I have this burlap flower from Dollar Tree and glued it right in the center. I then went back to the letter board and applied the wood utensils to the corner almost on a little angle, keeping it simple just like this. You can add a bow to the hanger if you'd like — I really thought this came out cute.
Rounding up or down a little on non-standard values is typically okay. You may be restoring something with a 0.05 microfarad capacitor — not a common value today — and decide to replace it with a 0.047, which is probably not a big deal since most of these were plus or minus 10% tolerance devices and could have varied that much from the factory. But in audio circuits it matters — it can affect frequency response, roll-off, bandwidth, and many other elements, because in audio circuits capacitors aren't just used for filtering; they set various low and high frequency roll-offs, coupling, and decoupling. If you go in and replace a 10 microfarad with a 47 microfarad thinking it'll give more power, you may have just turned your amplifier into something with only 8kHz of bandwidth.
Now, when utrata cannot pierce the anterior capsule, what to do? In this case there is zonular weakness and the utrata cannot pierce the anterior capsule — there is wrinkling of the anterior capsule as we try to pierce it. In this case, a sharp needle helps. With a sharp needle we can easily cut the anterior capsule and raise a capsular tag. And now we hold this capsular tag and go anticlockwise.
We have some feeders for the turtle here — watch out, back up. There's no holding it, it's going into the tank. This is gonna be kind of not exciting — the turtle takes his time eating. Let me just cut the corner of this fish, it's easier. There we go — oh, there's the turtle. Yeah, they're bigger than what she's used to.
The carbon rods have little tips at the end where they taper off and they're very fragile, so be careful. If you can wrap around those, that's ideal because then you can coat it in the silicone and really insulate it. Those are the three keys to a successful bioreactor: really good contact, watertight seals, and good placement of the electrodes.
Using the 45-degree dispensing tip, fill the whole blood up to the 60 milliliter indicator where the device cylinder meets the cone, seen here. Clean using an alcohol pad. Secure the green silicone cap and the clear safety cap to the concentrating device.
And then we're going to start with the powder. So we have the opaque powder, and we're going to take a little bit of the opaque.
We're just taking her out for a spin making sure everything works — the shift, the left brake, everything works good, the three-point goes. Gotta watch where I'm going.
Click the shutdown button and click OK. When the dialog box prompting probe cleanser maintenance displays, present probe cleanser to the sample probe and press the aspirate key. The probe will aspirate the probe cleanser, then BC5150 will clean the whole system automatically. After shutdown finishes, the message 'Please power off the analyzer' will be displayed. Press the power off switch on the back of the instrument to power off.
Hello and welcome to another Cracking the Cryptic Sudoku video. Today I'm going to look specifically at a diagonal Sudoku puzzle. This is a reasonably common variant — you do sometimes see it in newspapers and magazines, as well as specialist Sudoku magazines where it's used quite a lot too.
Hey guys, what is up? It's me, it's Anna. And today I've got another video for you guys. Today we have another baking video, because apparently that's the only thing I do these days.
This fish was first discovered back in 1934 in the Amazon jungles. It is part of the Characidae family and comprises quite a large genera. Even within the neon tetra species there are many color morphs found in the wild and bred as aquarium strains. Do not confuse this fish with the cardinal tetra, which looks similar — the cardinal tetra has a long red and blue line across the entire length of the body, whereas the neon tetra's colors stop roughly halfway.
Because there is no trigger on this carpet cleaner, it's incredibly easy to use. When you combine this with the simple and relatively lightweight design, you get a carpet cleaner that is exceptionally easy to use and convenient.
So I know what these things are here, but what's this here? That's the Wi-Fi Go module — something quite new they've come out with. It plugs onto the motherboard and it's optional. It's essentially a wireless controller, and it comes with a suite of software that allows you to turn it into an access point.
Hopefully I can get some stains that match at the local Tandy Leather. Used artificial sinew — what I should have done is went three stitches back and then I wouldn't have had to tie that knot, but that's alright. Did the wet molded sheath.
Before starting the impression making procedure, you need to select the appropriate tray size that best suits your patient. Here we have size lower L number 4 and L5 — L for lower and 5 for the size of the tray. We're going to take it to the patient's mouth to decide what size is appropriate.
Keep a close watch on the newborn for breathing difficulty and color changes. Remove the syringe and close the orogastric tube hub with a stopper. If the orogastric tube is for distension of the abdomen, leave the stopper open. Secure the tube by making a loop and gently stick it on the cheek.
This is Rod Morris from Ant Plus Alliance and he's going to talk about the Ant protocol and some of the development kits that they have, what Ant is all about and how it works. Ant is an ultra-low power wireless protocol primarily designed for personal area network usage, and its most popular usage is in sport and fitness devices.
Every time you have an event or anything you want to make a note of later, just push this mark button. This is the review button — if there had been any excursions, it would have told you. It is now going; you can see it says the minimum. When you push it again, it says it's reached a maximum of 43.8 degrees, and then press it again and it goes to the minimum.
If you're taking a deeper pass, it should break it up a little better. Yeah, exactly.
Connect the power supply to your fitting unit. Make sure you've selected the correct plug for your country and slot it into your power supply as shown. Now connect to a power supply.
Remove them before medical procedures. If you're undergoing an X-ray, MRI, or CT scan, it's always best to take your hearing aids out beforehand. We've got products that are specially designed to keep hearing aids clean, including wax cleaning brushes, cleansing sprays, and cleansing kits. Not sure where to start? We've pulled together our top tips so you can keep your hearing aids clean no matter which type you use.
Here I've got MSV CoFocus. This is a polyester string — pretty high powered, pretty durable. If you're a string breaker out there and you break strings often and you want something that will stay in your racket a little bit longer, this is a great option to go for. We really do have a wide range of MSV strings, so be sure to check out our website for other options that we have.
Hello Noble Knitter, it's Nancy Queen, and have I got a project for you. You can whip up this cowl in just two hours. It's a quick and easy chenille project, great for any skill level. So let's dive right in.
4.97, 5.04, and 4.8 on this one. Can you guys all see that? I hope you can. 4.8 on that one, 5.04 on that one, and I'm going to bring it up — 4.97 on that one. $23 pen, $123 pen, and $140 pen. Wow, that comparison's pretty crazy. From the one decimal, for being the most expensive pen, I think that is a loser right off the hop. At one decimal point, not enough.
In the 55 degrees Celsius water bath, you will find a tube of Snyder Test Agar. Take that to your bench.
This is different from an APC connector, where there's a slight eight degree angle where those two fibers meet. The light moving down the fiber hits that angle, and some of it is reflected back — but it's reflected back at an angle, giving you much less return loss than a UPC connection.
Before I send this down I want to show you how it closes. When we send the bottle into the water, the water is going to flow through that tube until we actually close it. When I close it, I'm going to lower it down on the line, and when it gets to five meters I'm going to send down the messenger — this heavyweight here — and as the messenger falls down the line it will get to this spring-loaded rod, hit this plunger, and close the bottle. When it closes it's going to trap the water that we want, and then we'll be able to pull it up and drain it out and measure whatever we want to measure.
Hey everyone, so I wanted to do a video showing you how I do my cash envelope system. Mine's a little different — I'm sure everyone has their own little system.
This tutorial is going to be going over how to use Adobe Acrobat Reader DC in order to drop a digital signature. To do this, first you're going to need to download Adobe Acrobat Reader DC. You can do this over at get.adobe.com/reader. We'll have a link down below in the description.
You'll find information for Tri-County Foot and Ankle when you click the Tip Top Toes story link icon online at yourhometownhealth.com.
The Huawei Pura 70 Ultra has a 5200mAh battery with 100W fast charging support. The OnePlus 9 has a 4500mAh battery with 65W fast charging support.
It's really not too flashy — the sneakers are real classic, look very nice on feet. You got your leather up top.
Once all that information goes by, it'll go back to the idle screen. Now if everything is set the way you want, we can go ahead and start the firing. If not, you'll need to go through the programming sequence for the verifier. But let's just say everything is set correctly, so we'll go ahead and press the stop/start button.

==========

• [TRY IT]: Please give the number of lines in the listing that hold "designed", and no other text.

• [RESPONSE TO THIS TASK]: 2